I have put the newer handles on a couple of older tractors and it was a pretty simple conversion.


----------



## MrChris (Oct 4, 2018)

Yup, the 5000 is pretty much the same. The handle is lower than the brake pedals, quite the reach to grab it. Although it kind of does force you to really mash the brakes in the process. (^_^) Your extension looks simple enough. Probably not too tough to make the bracket and put in a longer operating rod. I'll have to look at that when spring rolls around. Already too many projects before the snow flies. (^_^)


----------



## MrChris (Oct 4, 2018)

This past weekend saw the last steps of the tune up. Been a LONG process with many parts ordered and delays. What appears below is a narrative that covers nearly a month. Between rusted parts, fasteners that would not budge without extreme means, and all kinds of other issues, this simple "tune up" became a marathon.

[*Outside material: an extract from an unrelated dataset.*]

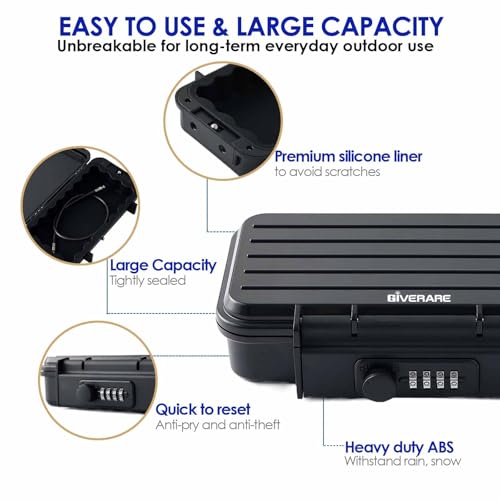 Portable Lock Box, 4-Digit Combination Safe Boxes with Detachable Cable, Anti-Theft Security Lockbox Outdoor, Small Resettable Personal Password Cash Case for Travel, Hotel, Dorm, Beach, Gym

First, that swing out battery tray is the coolest thing. When I first saw the thing, I just could not believe you had to disconnect the battery and pull that off to change plugs thinking it was to be removed completely. Mine had a regular nut holding the tray locked. Actually, it might have been a wing nut that both wings had broken off. Took some serious effort to get what remained off. Then I pulled the cotter pin on the post and could not figure out how that side was to come off. Somewhere along the way, I pulled on the tray and it pivoted a little. And suddenly it was like "Lightbulb!" The whole thing was rusted and seized up, so it took some penetrating oil and effort to get it to really move freely. I then greased up the pivot and cleaned up the parts best I could. Now it works great. As for the lock, I got a brass wingnut so that it would not seize up again and then ran the j-hook piece that latches the tray through a die to clean up the threads. Now I can easily open and close the battery tray.

Did I mention how NICE it is to work on a machine where you don't wonder if the fasteners are SAE or metric? Everything on this puppy is nice old fashioned SAE. Half inch is really half inch and not 13mm. 

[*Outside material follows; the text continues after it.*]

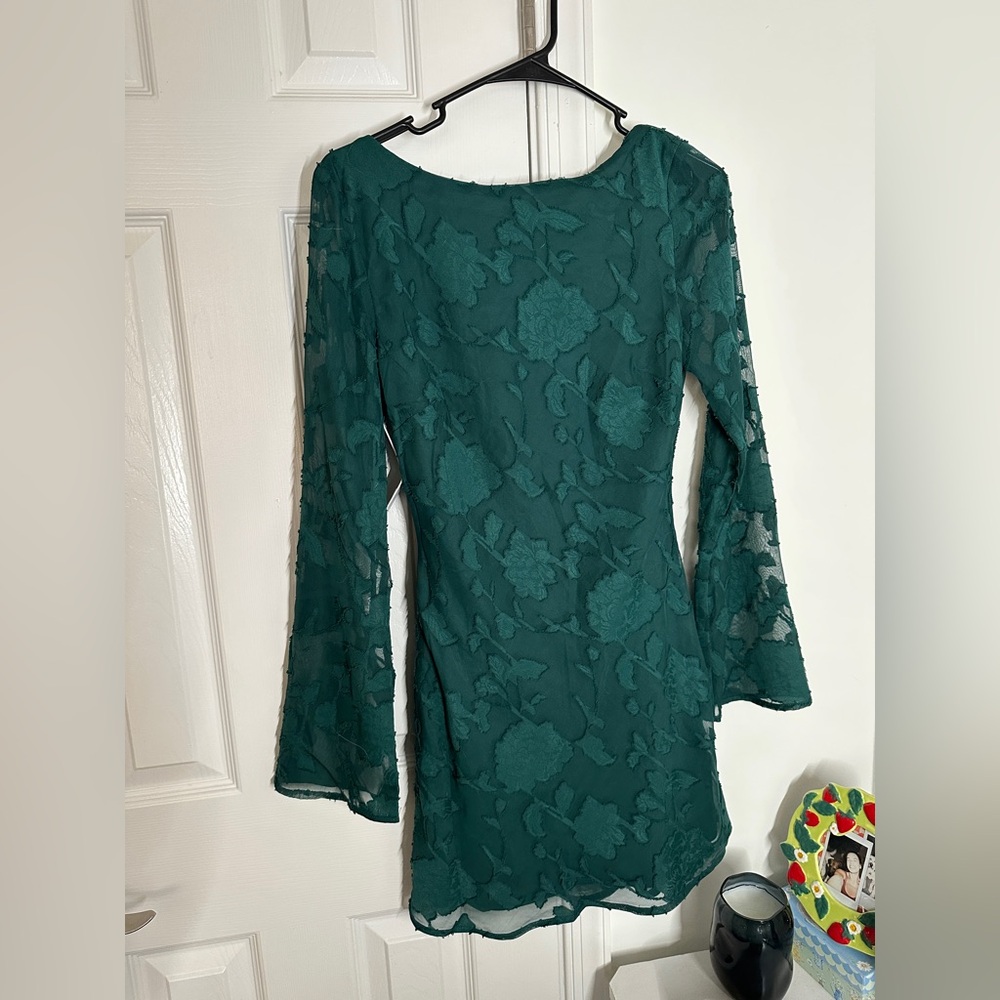 Green floral lace appliqué Princess Polly mini dress with sheer bell sleeves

In the process of working the tray, I discovered that the battery cables were brittle, not to mention the rusted hardware on the clamp. A set of new cables went in. Of course, removing the battery gives you a nice tray to put all your tools on as you work. I didn't put the battery back right away.

With the tray functioning and swung out of the way, I could now see the leaking fuel line and the spark plugs. Spark plugs didn't look like they had been touched in a long time. The wires were rather weathered. And the fuel line cracked right at the clamp which appears to have been applied FAR too tight in the first place.

Lets start with the fuel line. Other than the damaged area where the clamp was, it looked fine. No need to struggle with accessing the connector behind the fan and replacing the entire thing. I cut the line just forward of the clamp and installed some rubber fuel line hose and a fuel filter. In all, I probably cut out about 8" of line. I used the original clamp to hold the new fuel line (lightly) and added some support for the back end of the fuel filter with a scrap piece of angle iron attached to an existing bolt on the intake manifold. The result was a nice solid and well supported line and no more fuel leak.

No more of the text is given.